Data for processing:
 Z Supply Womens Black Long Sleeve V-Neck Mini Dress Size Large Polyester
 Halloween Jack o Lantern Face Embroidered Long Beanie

--

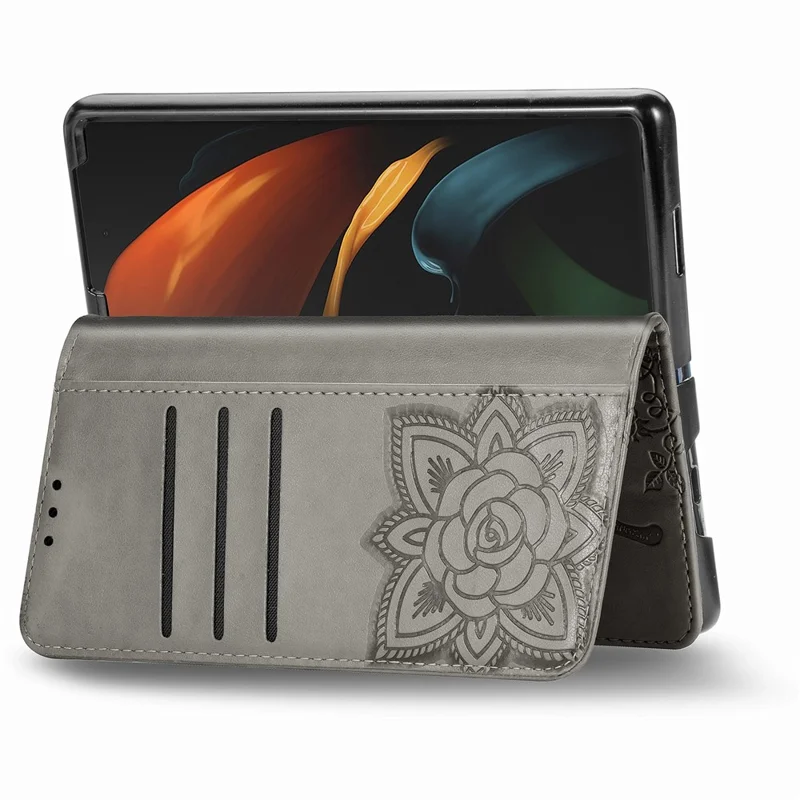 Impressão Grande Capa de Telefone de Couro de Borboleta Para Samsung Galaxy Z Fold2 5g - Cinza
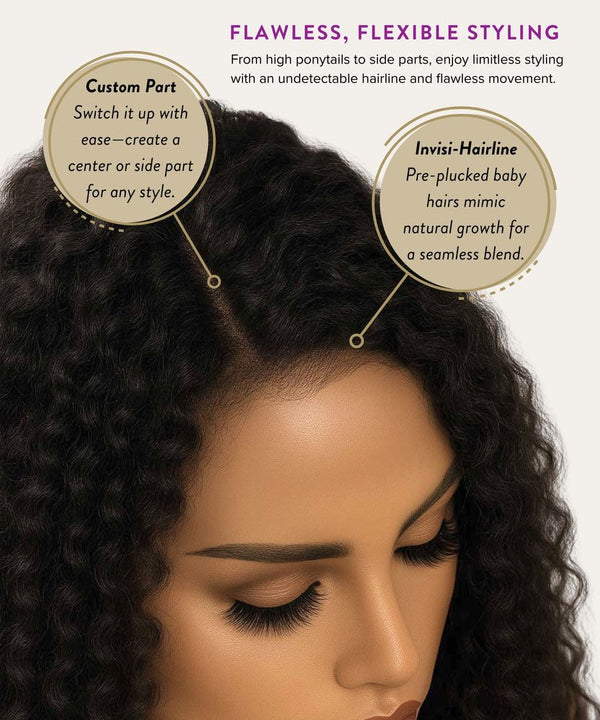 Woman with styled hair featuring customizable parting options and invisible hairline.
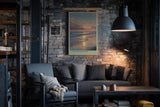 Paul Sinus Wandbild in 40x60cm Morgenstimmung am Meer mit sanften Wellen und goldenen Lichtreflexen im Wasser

Exercise requirements: Extract the lines of the preceding material that run from the line with "Z Supply Womens" through the line with "Halloween Jack o", inclusive, reproducing them exactly and adding nothing.

Solved exercise:
 Z Supply Womens Black Long Sleeve V-Neck Mini Dress Size Large Polyester
 Halloween Jack o Lantern Face Embroidered Long Beanie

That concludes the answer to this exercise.